Problem to solve | In the entries below, repeat only the lines between those holding "Avaler Sur Fil Chante Été Son — Video" and "Rubus adenotrichos", inclusive. Leave pictures out.
--- Available data Enclosed Below ---
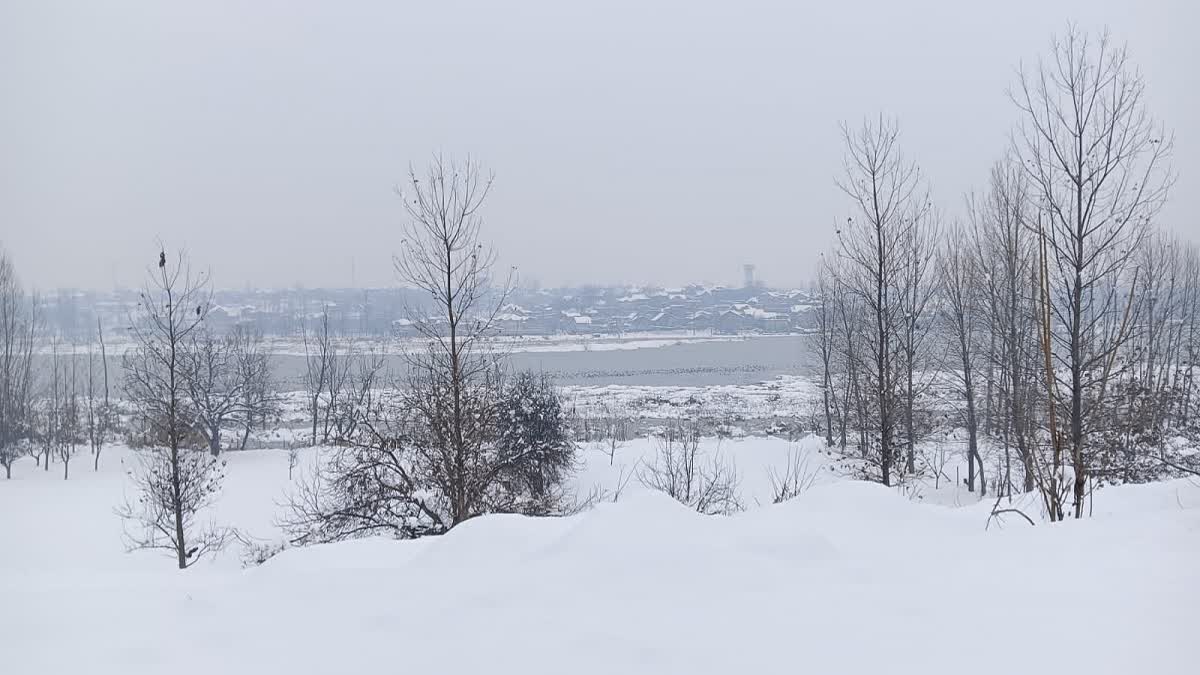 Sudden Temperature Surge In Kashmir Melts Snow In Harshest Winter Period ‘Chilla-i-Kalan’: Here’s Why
--- End of Enclosed Available data ---
--- Available data Enclosed Below ---
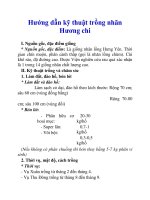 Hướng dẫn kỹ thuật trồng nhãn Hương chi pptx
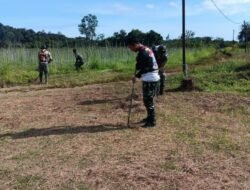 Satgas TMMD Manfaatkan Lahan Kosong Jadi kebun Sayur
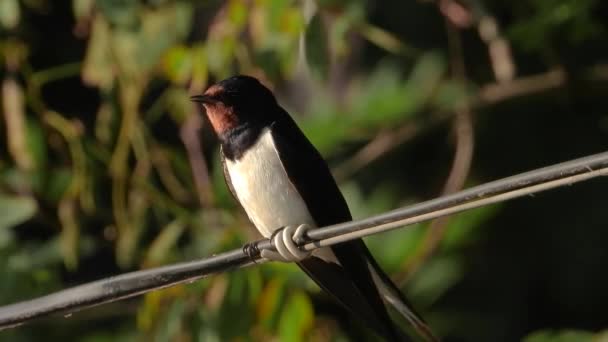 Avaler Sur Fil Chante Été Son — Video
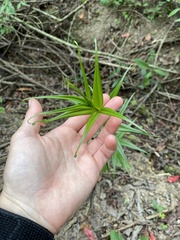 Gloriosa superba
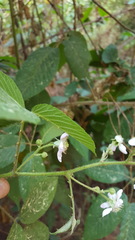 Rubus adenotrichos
--- End of Enclosed Available data ---
Written answer |
 Avaler Sur Fil Chante Été Son — Video
 Gloriosa superba
 Rubus adenotrichos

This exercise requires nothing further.